But the overriding reality is that the two sides would have to defy myriad more immediate concerns and interests to achieve reunification. As a result, various peace initiatives have routinely devolved into disingenuous ploys (particularly by the North) to ease international pressure, please domestic constituencies, exact material concessions and vie for advantage in a 70-year zero-sum fight for peninsular supremacy. And there’s ample reason to doubt the North’s sincerity again. In all likelihood, Kim’s outreach this year is in pursuit of some combination of staving off a war with the Americans, driving a wedge between the U.S. and South Korea, easing sanctions pressure and stalling for time to overcome technical hurdles to the development of a reliable long-range nuclear deterrent. Already, the North is for all intents and purposes a nuclear power, and it’s keen to see how this power translates into diplomatic leverage, as well as to demonstrate that it can be trusted to act rationally with the bomb.
Still, the dogged optimism from both sides isn’t empty gesturing. However strong the forces keeping them apart, both sides have a geopolitical imperative to reunify. As it stands, Korea is vulnerable to much stronger powers on its periphery (and ones that have historically used the peninsula as a steppingstone to attack each other), overly dependent on fickle allies, economically stunted and too fixated on the threats from across the DMZ to throw much weight around abroad. As one, they would become one of East Asia’s strongest military powers and obtain a freedom of action that hasn’t been seen on the peninsula in centuries. This has been true since the Korean War, but regional changes – most important, a rising China and a remilitarizing Japan – are only heightening this imperative.

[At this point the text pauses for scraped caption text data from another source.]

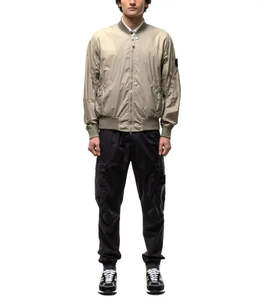 Chaqueta Cortavientos con Capucha de Fabricante Profesional, Diseño Personalizado, Precio Bajo, Personalizable, Impermeable y Cortavientos, Más Vendida - Product Image 2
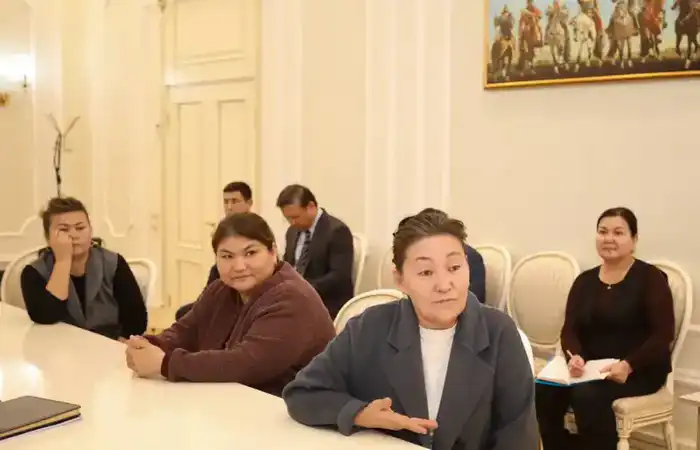 Нурдаулет Килыбай провёл личный приём жителей Актау (2)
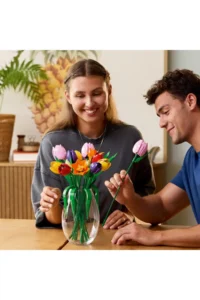 LEGO ® Botanicals Tulip Bouquet  - Decorative Model Building Set for Adults (576 Pieces) - Image 5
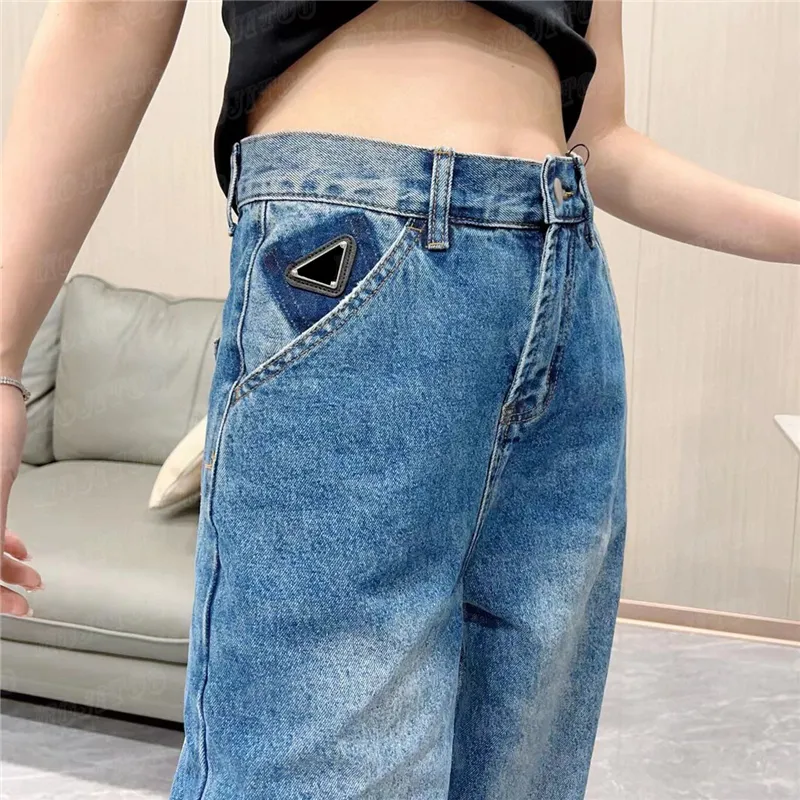 Metal Badge Denim Pants For Women Design Back Embroidered Letter Jeans High Street Straight Leg Trousers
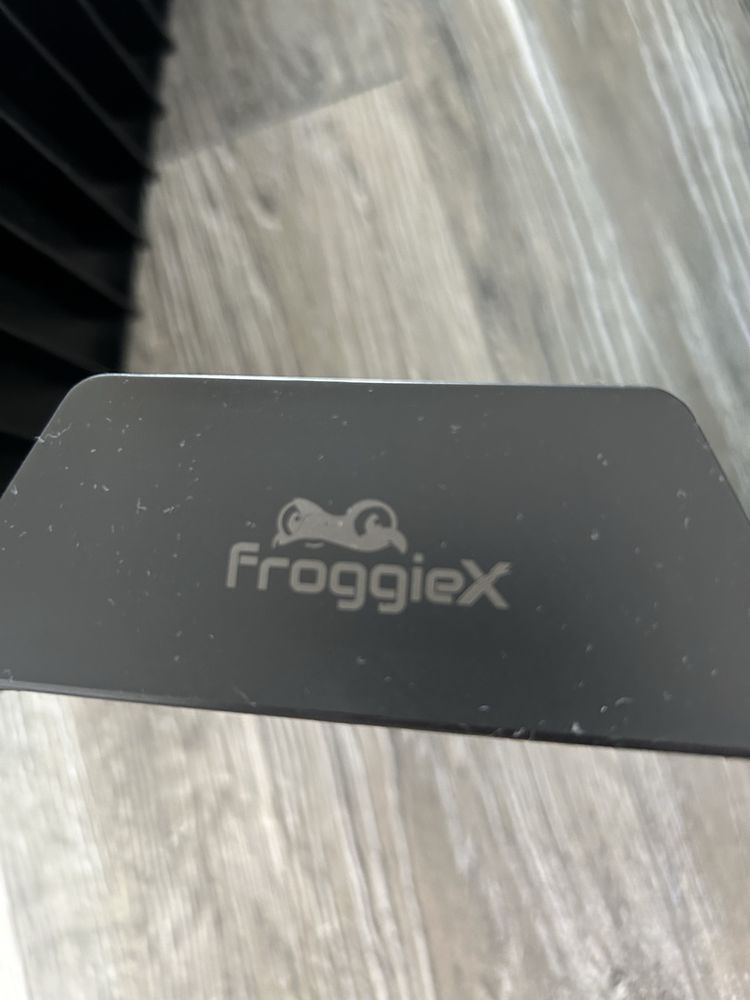 Stojak na gry playstation froggiex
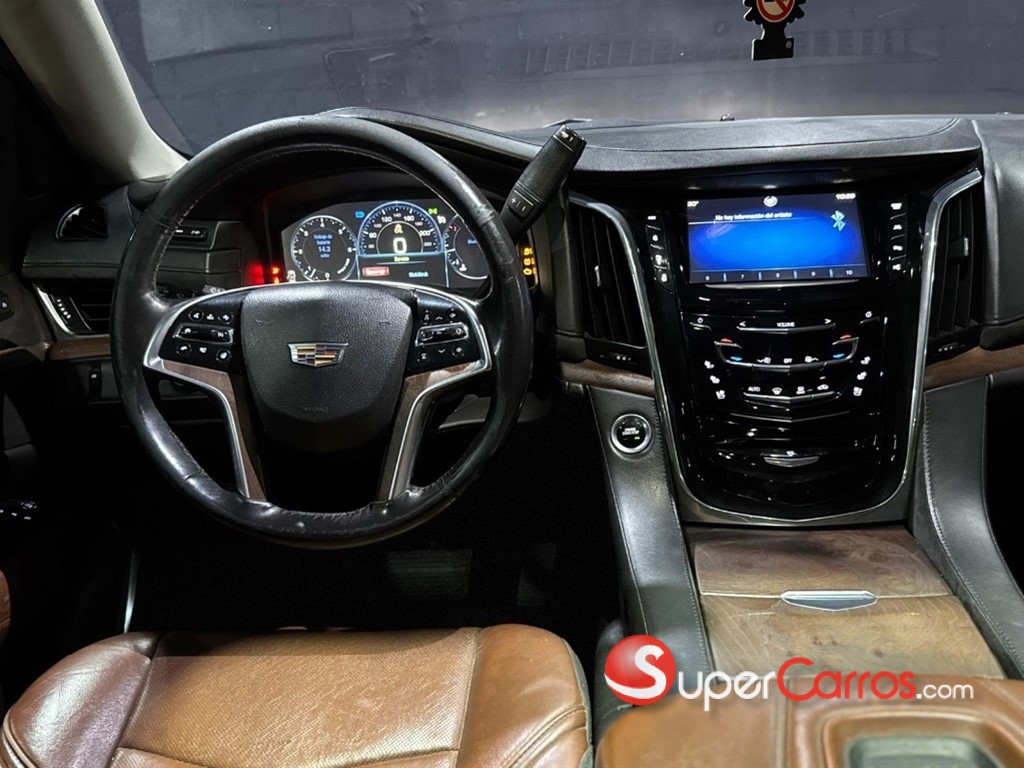 2015 Cadillac Escalade Luxury Short — foto 2 / 11
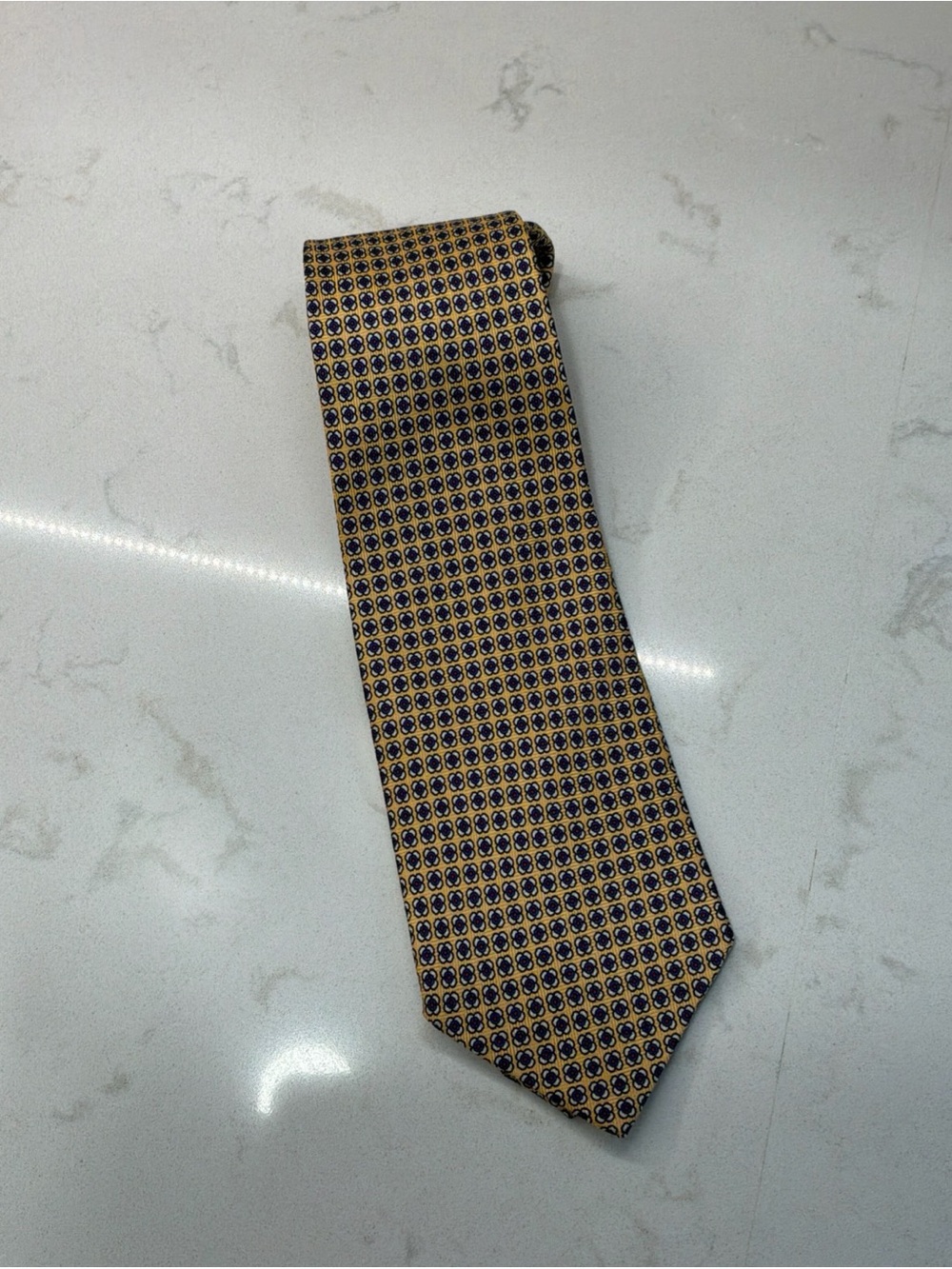 Lauren Ralph Lauren 100% Silk Gold Paisley Neck Tie Hand Finished Made in USA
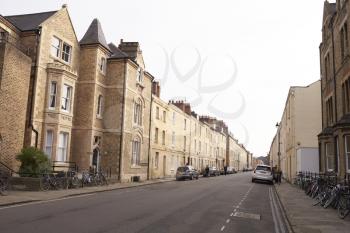 OXFORD/ UK- OCTOBER 26 2016: Exterior Of Terraced Houses In Oxford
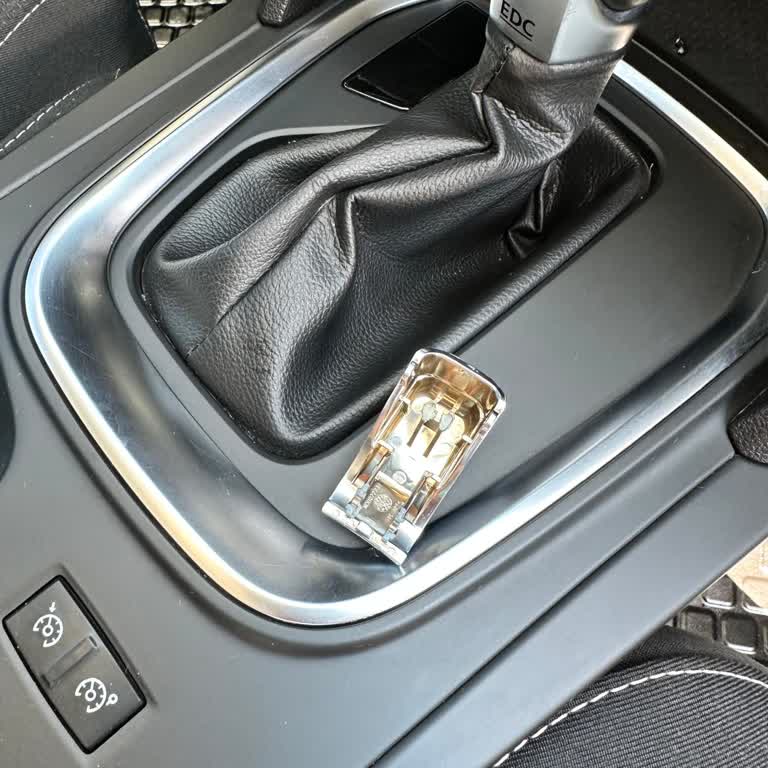 Çelik Motor Megane 4 Otomatik Vites Mandalı Problemi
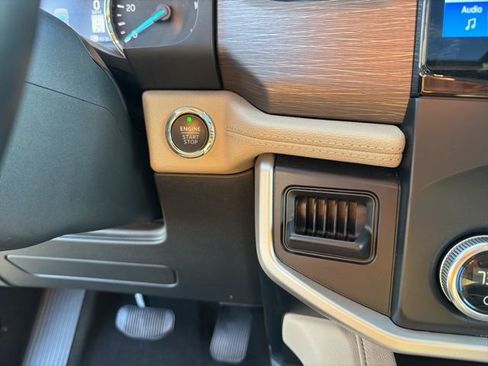 Used 2024 Ford Expedition Max Limited image 24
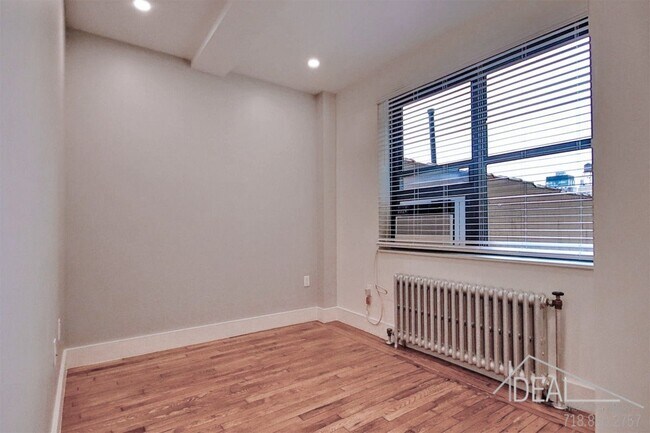 Building Photo - 18 Waverly Pl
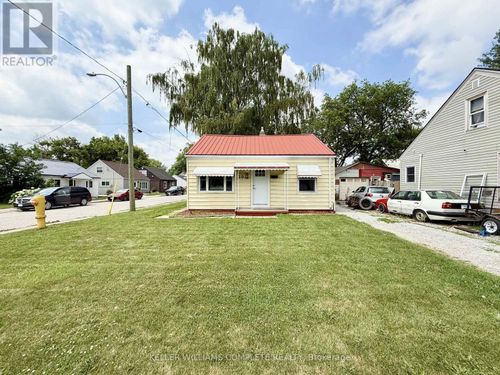 20 Mcnaughton Avenue, Chatham-Kent (Wallaceburg), ON, N8A1R8 | Card Image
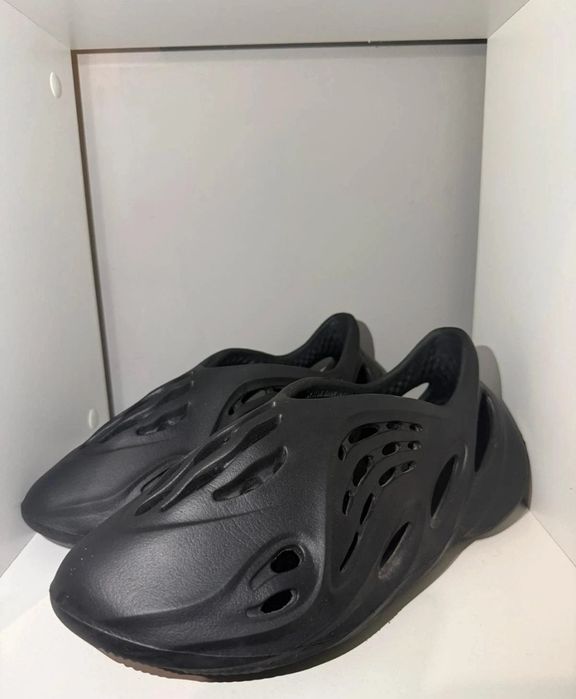 Yeezy foam runner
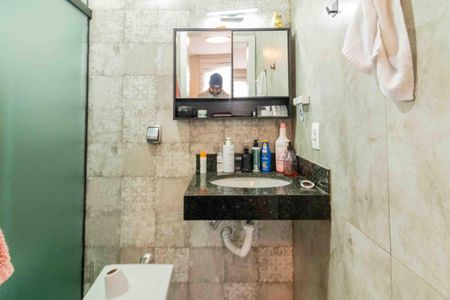 Casa de condomínio à venda com 125m², 3 quartos e 4 vagas Casa de condomínio à venda com 125m², 3 quartos e 4 vagasBanheiro Suíte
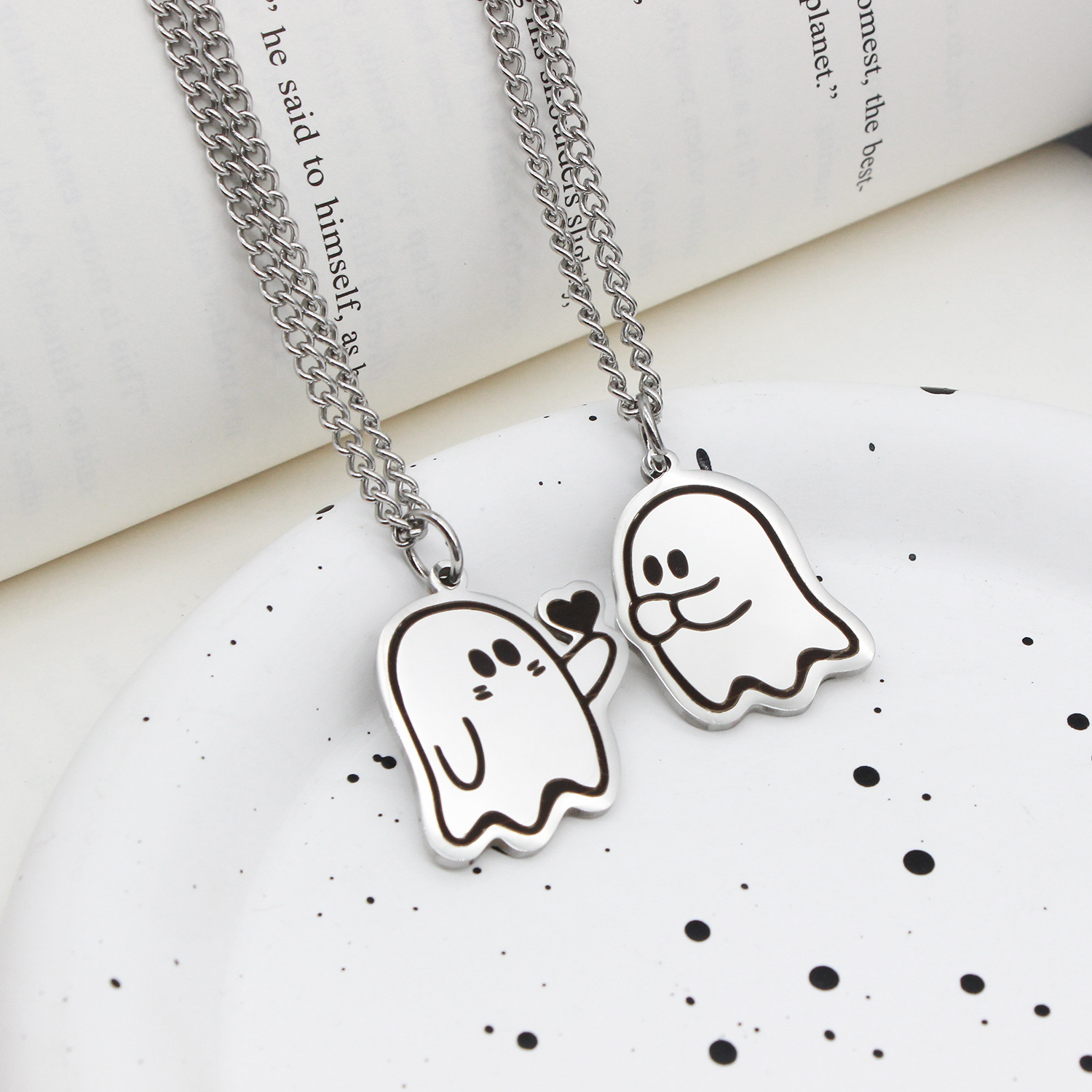 Adorable Halloween Love Ghost Necklace for Couples - Men & Women Pendant Accessories - Image 3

Countries never fully achieve their geopolitical imperatives – the requirements of securing a nation in all its dimensions. But neither can they ever be fully ignored. Over time, whether or not they are acknowledged by those in power, imperatives remain the core of any country’s national strategy, surviving the fickle currents of more immediate geopolitical concerns that can dominate a state’s short-term decision-making. Thus, the two Koreas will continue to try to reconcile, even if the failures pile up. The more sincere this pursuit, the more dramatic the implications for the East Asian geopolitical landscape.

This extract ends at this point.